The shift is partly because whenever a Chinese company acquires an overseas company, questions are raised about its intentions. Will it move jobs to China? Does it intend to strip the target company of its best technology?
In their search for new marketing techniques, some Chinese executives have discovered what for them is an unusual tool — international sponsorships of popular sporting events. The famous Volvo Ocean Race, for example, might one day become the Geely-Dongfeng Ocean Race.
The Volvo Ocean Race, the 21st century reincarnation of the venerable Whitbread Round the World Yacht Race, is arguably already a Chinese-sponsored event in all but name. Its eponymous owner-sponsors are Swedish truck and heavy-equipment maker Volvo Group and its former sister unit, Volvo Cars. Volvo Cars is now a division of Geely, the Chinese carmaker, while Volvo Group recently completed its purchase of a 45 per cent stake in the commercial vehicle operations of Dongfeng, a state-owned group based in central China.
One of the more unpredictable outcomes of Volvo Group’s partnership with Dongfeng was a decision by the latter’s commercial truck unit to sponsor one of the six boats in this year’s iteration of the sailing competition.
“It’s a voyage of discovery for them because Dongfeng have never been involved in sport and they’ve never done any marketing or real communication outside of China,” says Mark Turner, a former Whitbread competitor who has been involved with the Dongfeng Race Team since its inception.
The Volvo Ocean Race’s penultimate leg runs between Portugal and France, where Dongfeng last year paid €800m for a 14 per cent stake in Peugeot. “You can see that in quite a negative way in France — a Chinese company coming in and buying into a French company,” Mr Turner says. “Or you can see it through this kind of sponsorship.
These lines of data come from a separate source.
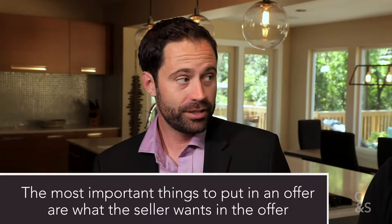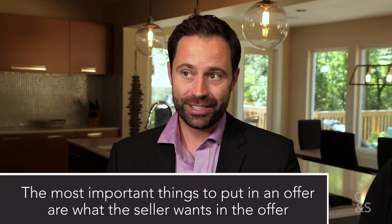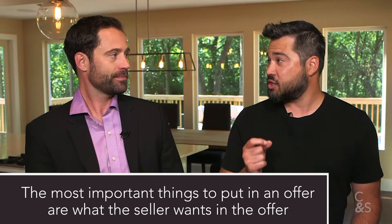Let's break this down. Starting with the most important thing: you need to put into an offer what the seller wants. Because it's not just about price, right?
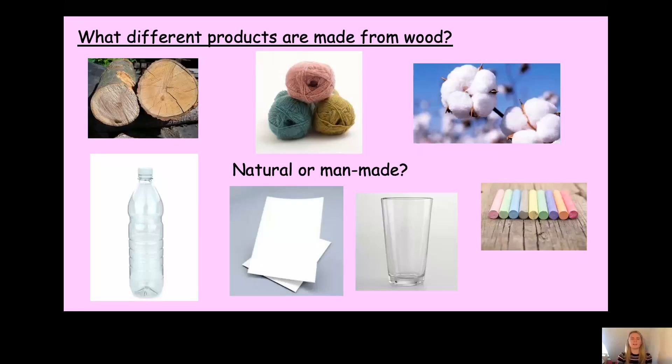What about the glass? Can we find glass in nature? No, we can't. So therefore it's a man-made material — it's made from another material. Can you remember which material it's made from? Yes, that's right, it's made from sand. Well done for remembering that.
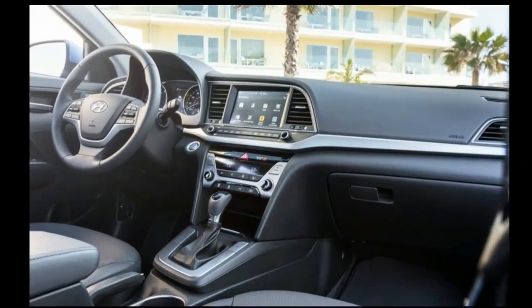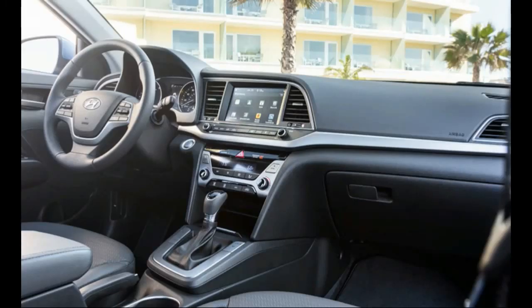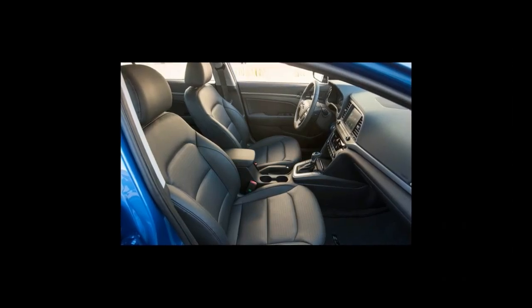Thus what we had was a nicely equipped Sonata in 7/8th scale. And like the Toyota Corolla that the Elantra exists to destroy, it's no sports sedan.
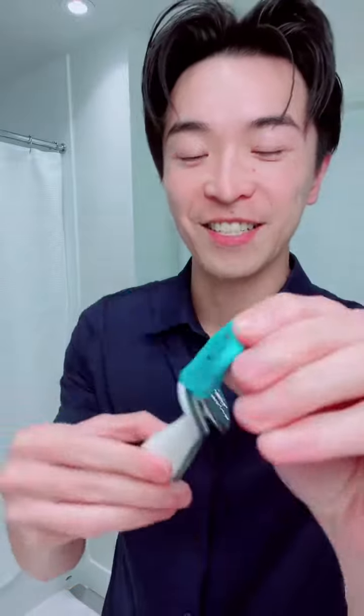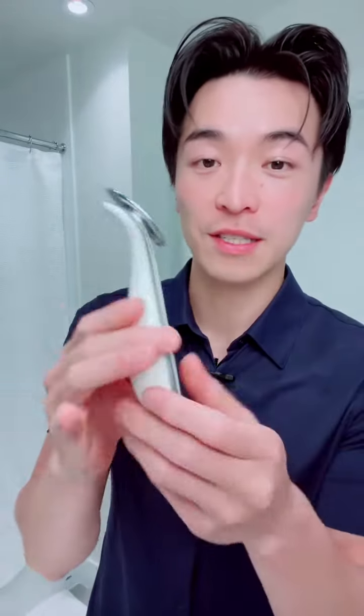And then this is my other gadget — I have another tool. This gives a variable pulse current, so it's also for my face. It's to brighten it up and tighten my face.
It gives Dongfeng’s brand a soft outer shell because it associates them with a sport that French people give real credit to and respect. Offshore sailing in France is huge.”
The boat, sponsored by a Dongfeng unit whose main manufacturing operation is in the inland Chinese city of Xian, was near the top of the table going into the race’s most challenging leg — from New Zealand to Brazil via Cape Horn. Only a freak demasting in the Southern Ocean cost Dongfeng its fifth consecutive top-three finish.
Dongfeng’s decision to sponsor the boat has paid unexpected dividends. Before veering off into the Southern Ocean, this year’s Volvo Ocean Race traced the route of the fabled maritime Silk Road, which the Chinese government is hoping to bring back to life with a $250bn-and-growing infrastructure investment drive. The contest has also featured port calls in some of Dongfeng’s most important markets, including South Africa, the Middle East and Brazil. This allowed the company to fly about 50 Pakistani clients and distributors to the finish of leg two in Abu Dhabi.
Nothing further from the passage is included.